If one reflects a moment or two, it is obvious that external influences often or usually do influence thinking, often by limiting the scope of thoughts. What external influences? Demagoguery and dishonest speech generally, TikToK, Facebook, Faux News, The Federalist, tribalism, Christianity, brass knuckles capitalism, party loyalty, etc. All kinds of people really are trying to control your thoughts
McCarthy-Jones cites Curtis Yarvin to highlight the potential dangers of ideologies that seek to control thought. Yarvin, discussed here a few days ago [2], is currently a MAGA elite darling who proposes authoritarianism and thought control by a dictator in place of democracy.
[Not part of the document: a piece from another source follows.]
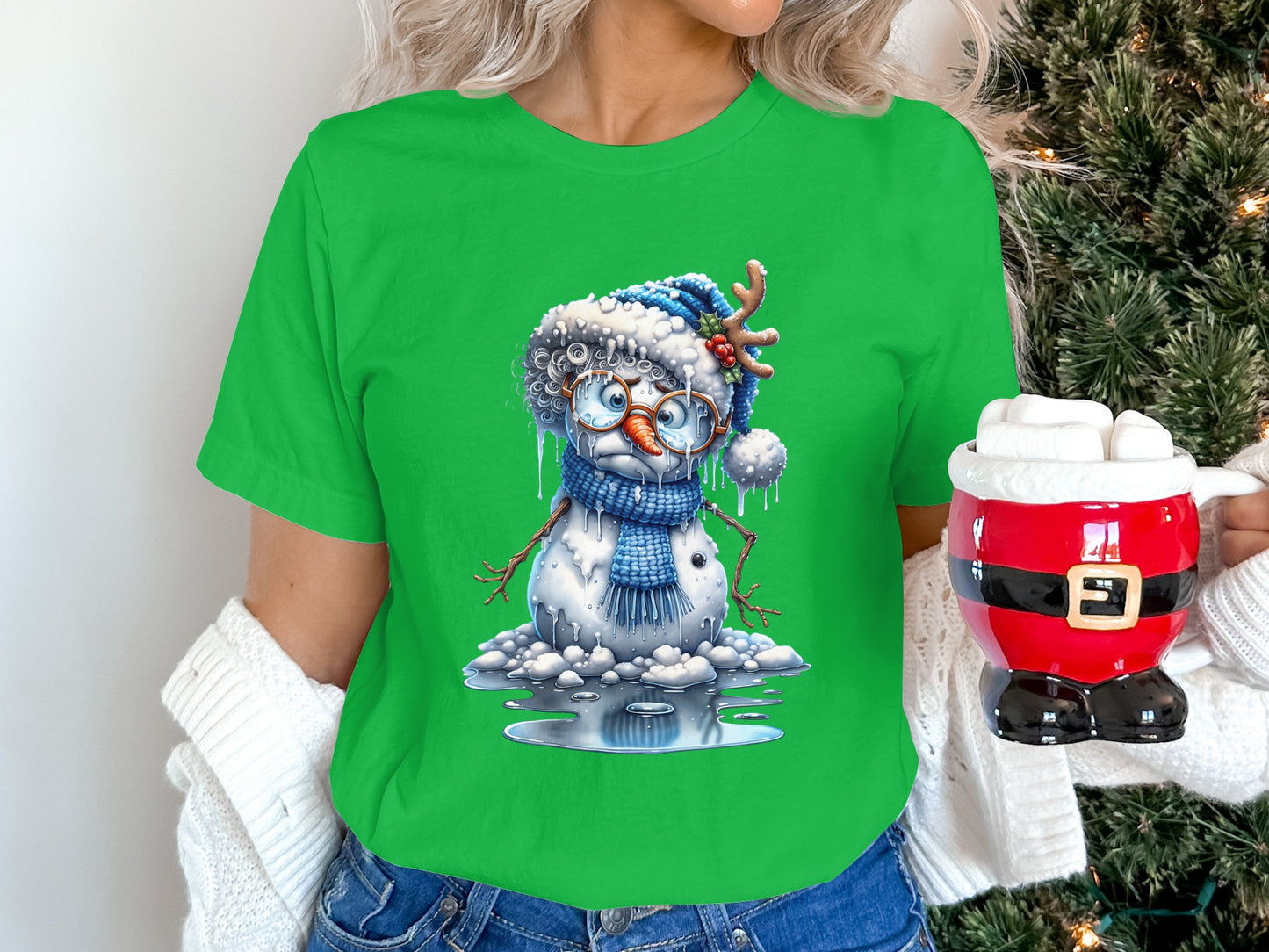Snowman Graphic Design on Cute Green T-Shirt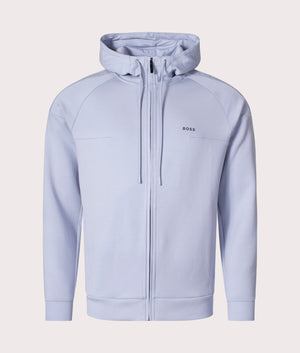 BOSS Saggy Zip Through Hoodie in Open Blue at EQVVS, Mannequin Front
He critiques the notion that any form of thought control, even if proposed under the guise of efficiency or order as Yarvin does, fundamentally undermines the essence of free thought.
Yarvin's advocacy for thought control is rooted in his critique of modern democratic institutions and his vision for a more authoritarian form of governance where a strong leader, the "CEO of America", unencumbered by democratic checks and balances, could use technology to manage society's affairs more efficiently. He believes that this centralized control would bypass the inefficiencies and thought control mechanisms he sees in democracy, effectively replacing them with a different form of thought control under a single, powerful executive.
Although the freedom of thought concept is in international human rights law, McCarthy-Jones argues for a clearer definition and better protection of thought freedom in light of modern threats. He emphasizes the importance of mental autonomy, which involves the ability to control one's attention, engage in reflective thinking, and not fear punishment for one's thoughts. McCarthy-Jones argues that the right to freedom of thought should protect both internal thought processes and external actions like internet searches and diaries that are constitutive of thought.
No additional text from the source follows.